**** Dataset extract ****

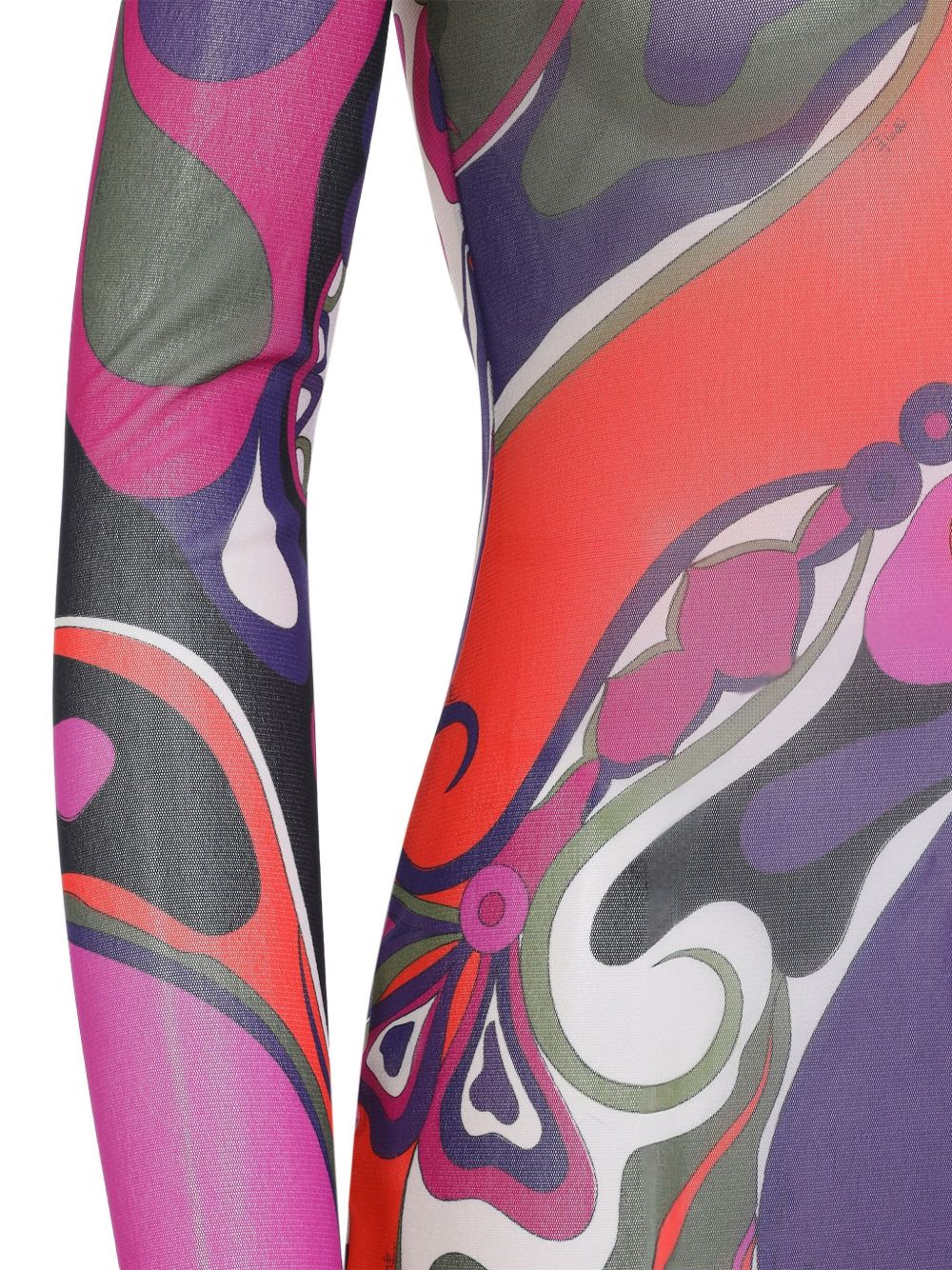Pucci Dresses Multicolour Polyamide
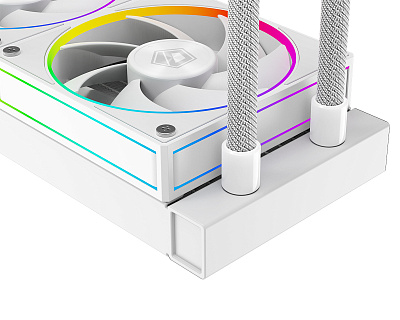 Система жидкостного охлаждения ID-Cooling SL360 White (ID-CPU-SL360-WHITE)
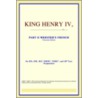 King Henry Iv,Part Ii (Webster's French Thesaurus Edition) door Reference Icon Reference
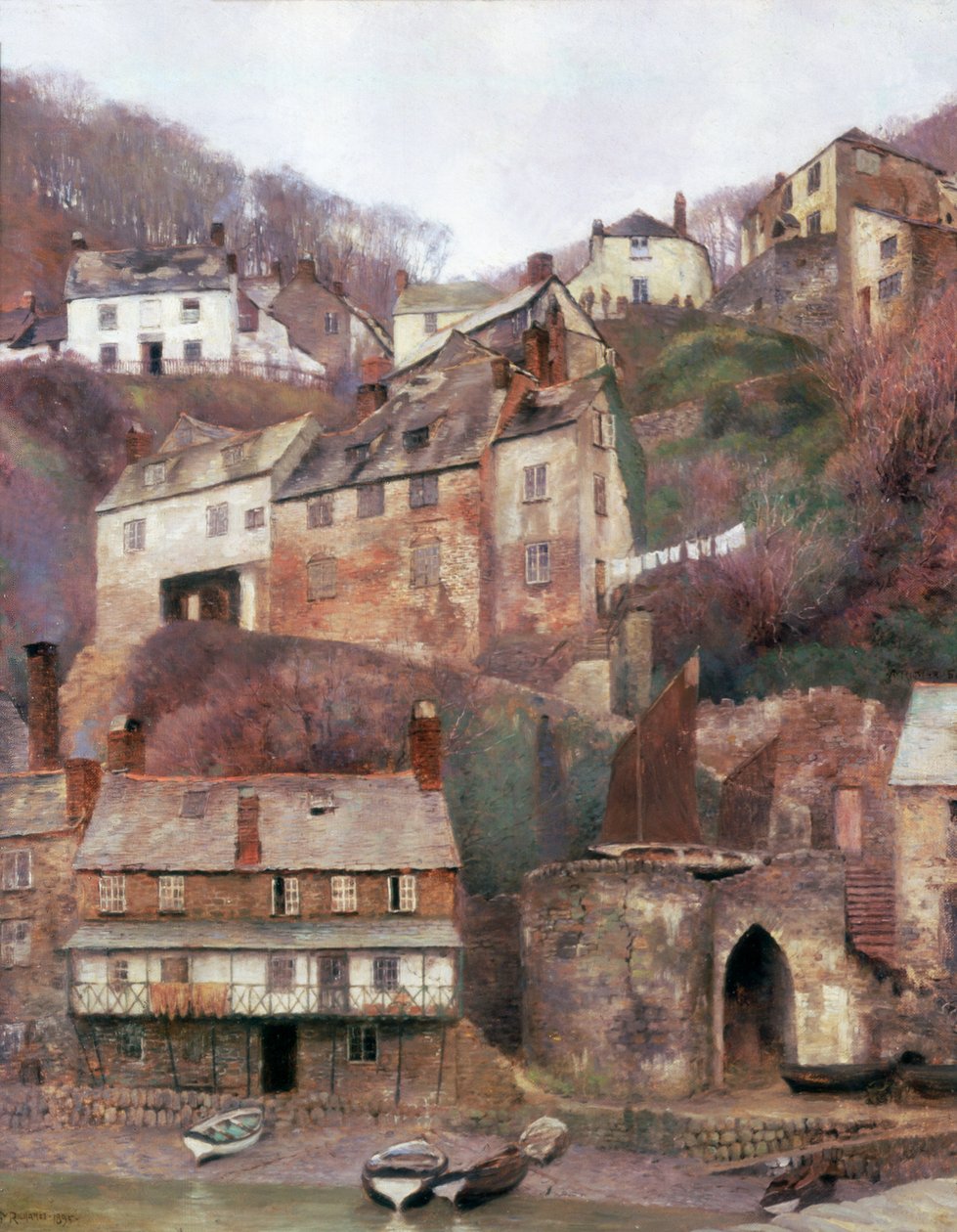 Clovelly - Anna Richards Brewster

****
**** Dataset extract ****

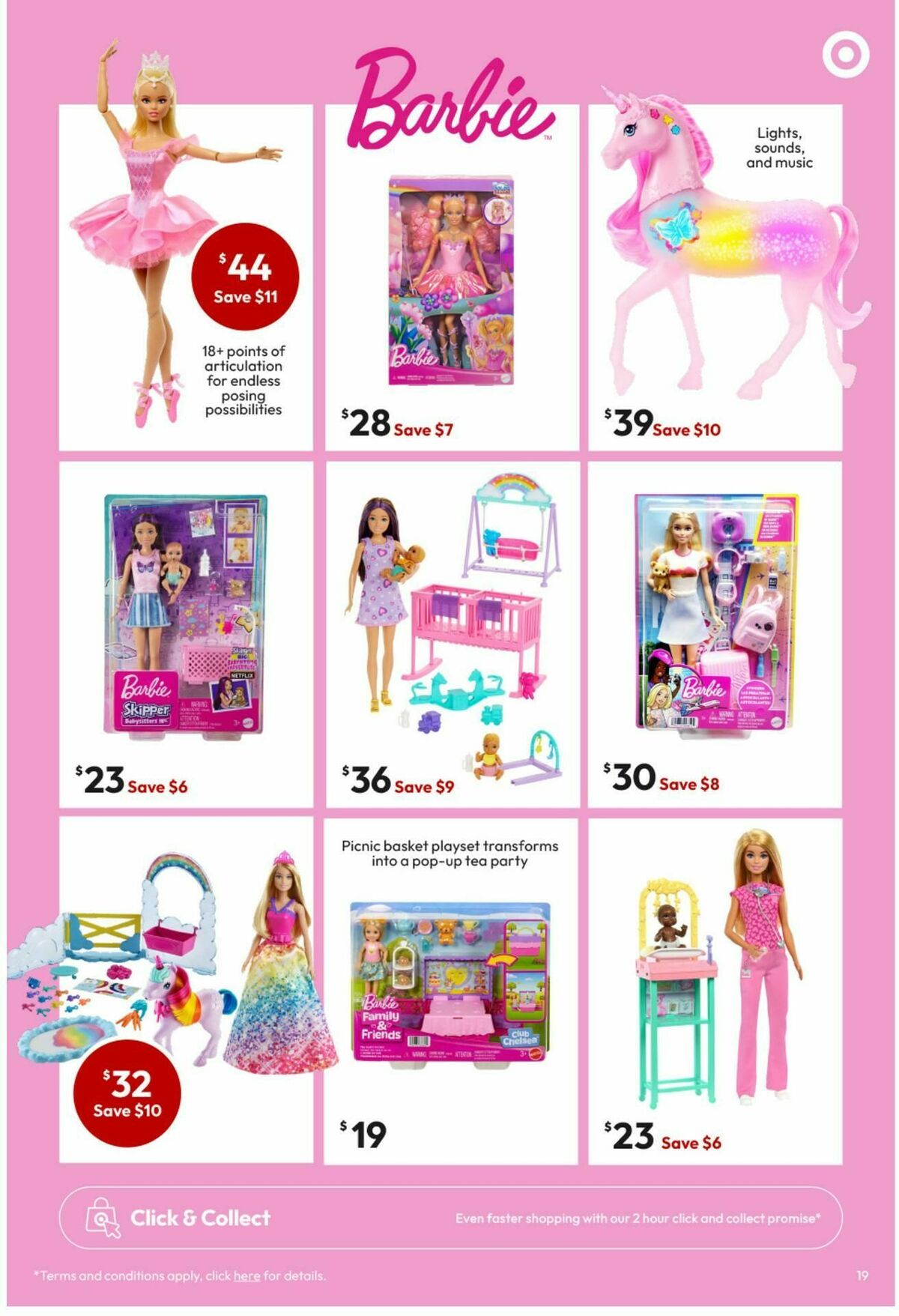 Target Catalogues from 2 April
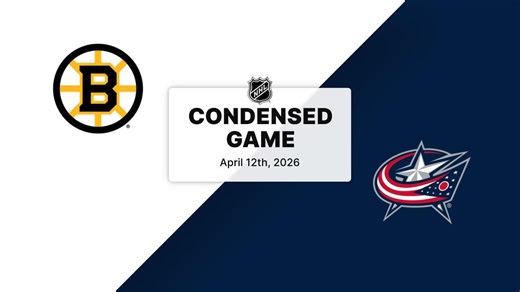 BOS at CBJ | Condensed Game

****
**** Dataset extract ****

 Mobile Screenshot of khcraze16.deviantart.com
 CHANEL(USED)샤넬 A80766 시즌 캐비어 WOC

****

▶ _Aim of the task_:
In the material above, the stretch from the line with "Система жидкостного охлаждения" through the line with "Clovelly - Anna Richards Brewster" is to be given again exactly, minus the pictures.

▶ _Answer section_:
 Система жидкостного охлаждения ID-Cooling SL360 White (ID-CPU-SL360-WHITE)
 King Henry Iv,Part Ii (Webster's French Thesaurus Edition) door Reference Icon Reference
 Clovelly - Anna Richards Brewster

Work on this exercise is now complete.